Showing papers by "William R. Swindell published in 2009"

Genes and gene expression modules associated with caloric restriction and aging in the laboratory mouse.

Abstract: Caloric restriction (CR) counters deleterious effects of aging and, for most mouse genotypes, increases mean and maximum lifespan. Previous analyses of microarray data have identified gene expression responses to CR that are shared among multiple mouse tissues, including the activation of anti-oxidant, tumor suppressor and anti-inflammatory pathways. These analyses have provided useful research directions, but have been restricted to a limited number of tissues, and have focused on individual genes, rather than whole-genome transcriptional networks. Furthermore, CR is thought to oppose age-associated gene expression patterns, but detailed statistical investigations of this hypothesis have not been carried out. Systemic effects of CR and aging were identified by examining transcriptional responses to CR in 17 mouse tissue types, as well as responses to aging in 22 tissues. CR broadly induced the expression of genes known to inhibit oxidative stress (e.g., Mt1, Mt2), inflammation (e.g., Nfkbia, Timp3) and tumorigenesis (e.g., Txnip, Zbtb16). Additionally, a network-based investigation revealed that CR regulates a large co-expression module containing genes associated with the metabolism and splicing of mRNA (e.g., Cpsf6, Sfpq, Sfrs18). The effects of aging were, to a considerable degree, similar among groups of co-expressed genes. Age-related gene expression patterns characteristic of most mouse tissues were identified, including up regulation of granulin (Grn) and secreted phosphoprotein 1 (Spp1). The transcriptional association between CR and aging varied at different levels of analysis. With respect to gene subsets associated with certain biological processes (e.g., immunity and inflammation), CR opposed age-associated expression patterns. However, among all genes, global transcriptional effects of CR were only weakly related to those of aging. The study of aging, and of interventions thought to combat aging, has much to gain from data-driven and unbiased genomic investigations. Expression patterns identified in this analysis characterize a generalized response of mammalian cells to CR and/or aging. These patterns may be of importance in determining effects of CR on overall lifespan, or as factors that underlie age-related disease. The association between CR and aging warrants further study, but most evidence indicates that CR does not induce a genome-wide "reversal" of age-associated gene expression patterns.

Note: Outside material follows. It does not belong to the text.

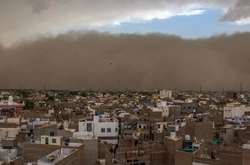 В Индии из-за песчаных бурь погибли 77 человек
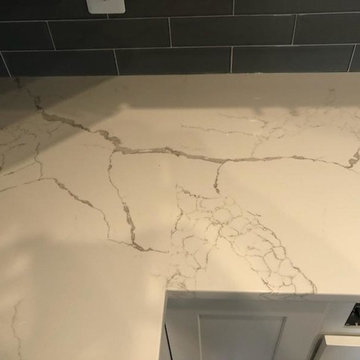 Quartz Countertop in Manassas, Virginia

Heat shock proteins in long-lived worms and mice with insulin/insulin-like signaling mutations.

Abstract: Heat shock proteins (HSPs) have proven to be effective tools for extending invertebrate lifespan, and in C. elegans daf-2 mutants, longevity resulting from loss of insulin/insulin-like signals is at least partly dependent upon elevated HSP expression. In mice, inhibition of the orthologous growth hormone/insulin-like growth factor I (GH/IGF-I) pathway has similar pro-longevity effects. A recent study, however, suggests that loss of GH/IGF-I signals in long-lived mice does not broadly elevate HSP expression, but in fact decreases HSP expression in many tissue types, such as liver and kidney. The contribution of chaperones to the longevity of long-lived mice with altered GH/IGF-I signals may therefore differ from that described in C. elegans daf-2 mutants. This result, in combination with other recent findings, underscores the possibility that systemic overexpression of chaperones will have dissimilar effects on longevity in vertebrate and invertebrate systems.